See docs/hardware/vl-memory.md for the current support verdicts; bump the vendored tag with scripts/bump-llama-cpp.sh bump <tag> to refresh (the script re-runs the arch probe + rewrites the support JSON in the same commit).

dlm export my-diagrams.dlm

Writes to ~/.dlm/store/<dlm_id>/exports/hf-snapshot/:

hf-snapshot/
  adapter/                  # PEFT LoRA weights
  processor/                # AutoProcessor config + tokenizer files
  snapshot_manifest.json    # export_target=hf_snapshot + sha256s
  README.md                 # how to load the snapshot downstream

To ship the snapshot somewhere, tar + send. To load it on the other side:

from transformers import AutoModelForImageTextToText, AutoProcessor
from peft import PeftModel

base = AutoModelForImageTextToText.from_pretrained(
    "google/paligemma-3b-mix-224",
    revision="8d2f7bc9c15d71a00c14f9eb7e4c7b99c79e0a11",
)
model = PeftModel.from_pretrained(base, "./adapter")
processor = AutoProcessor.from_pretrained("./processor")

The base isn't bundled — recipients download it on first use.
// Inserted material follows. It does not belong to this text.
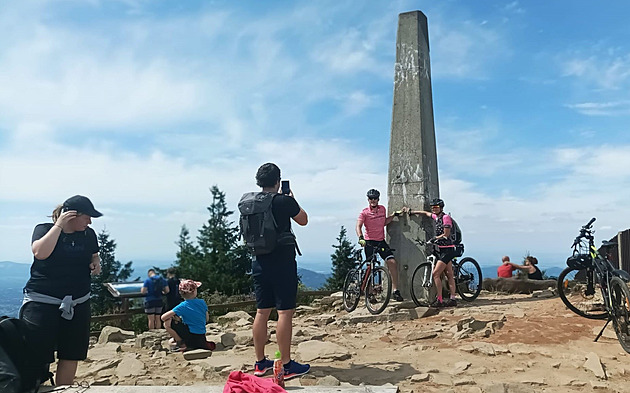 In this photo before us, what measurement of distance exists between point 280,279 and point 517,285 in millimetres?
8579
Gemma is redistributable=False; we can't legally ship its weights.

Troubleshooting

"no adapter under adapter/current.txt"

First train hasn't run. dlm train my-diagrams.dlm commits the adapter; subsequent prompt/export calls need at least one run.
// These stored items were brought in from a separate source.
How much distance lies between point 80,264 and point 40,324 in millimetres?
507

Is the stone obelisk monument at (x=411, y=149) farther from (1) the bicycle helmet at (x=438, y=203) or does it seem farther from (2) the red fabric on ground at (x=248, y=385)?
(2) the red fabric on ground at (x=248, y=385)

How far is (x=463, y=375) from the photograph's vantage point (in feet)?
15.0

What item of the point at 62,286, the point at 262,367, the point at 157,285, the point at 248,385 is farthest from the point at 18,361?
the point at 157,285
"image not found: figures/your-image.png"

The --multimodal scaffold points at a placeholder; drop a real image at that path, or edit the ::image path="...":: fence to reference a file that exists.

"base {} is vision-language; pass at least one --image PATH"
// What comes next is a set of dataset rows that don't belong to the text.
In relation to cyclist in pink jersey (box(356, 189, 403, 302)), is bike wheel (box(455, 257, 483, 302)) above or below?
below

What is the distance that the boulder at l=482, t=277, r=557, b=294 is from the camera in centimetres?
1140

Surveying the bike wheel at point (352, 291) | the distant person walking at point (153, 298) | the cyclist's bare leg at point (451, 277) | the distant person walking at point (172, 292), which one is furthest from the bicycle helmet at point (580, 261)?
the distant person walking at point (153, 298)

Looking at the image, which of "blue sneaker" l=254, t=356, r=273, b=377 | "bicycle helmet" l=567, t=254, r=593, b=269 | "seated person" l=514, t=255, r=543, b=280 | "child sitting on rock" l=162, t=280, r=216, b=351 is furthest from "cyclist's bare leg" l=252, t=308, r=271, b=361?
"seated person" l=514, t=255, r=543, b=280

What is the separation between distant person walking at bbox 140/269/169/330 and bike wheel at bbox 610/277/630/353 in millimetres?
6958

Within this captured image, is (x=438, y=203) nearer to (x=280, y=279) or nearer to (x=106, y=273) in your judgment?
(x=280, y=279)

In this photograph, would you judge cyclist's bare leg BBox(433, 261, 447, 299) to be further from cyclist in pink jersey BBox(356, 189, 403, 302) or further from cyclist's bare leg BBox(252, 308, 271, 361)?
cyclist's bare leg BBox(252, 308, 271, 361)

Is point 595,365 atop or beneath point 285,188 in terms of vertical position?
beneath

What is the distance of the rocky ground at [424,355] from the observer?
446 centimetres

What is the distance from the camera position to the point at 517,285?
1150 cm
You ran dlm prompt on a VL .dlm without attaching an image. VL bases always expect an image token — even a throwaway question about text content needs an image to anchor the placeholder.

MPS out-of-memory during training

PaliGemma + batch=1 fits on 16 GB but leaves little headroom for background processes. Close your browser, VS Code, etc. For persistent OOM, swap to CUDA (VL QLoRA is a planned follow-up).

If you're trying mistral-small-3.1-24b-instruct, this is expected to be much stricter: the current planner refuses that base on Apple Silicon by default unless you pass --force on a large-memory host.

"InternVL-family runtime still needs a custom collator path"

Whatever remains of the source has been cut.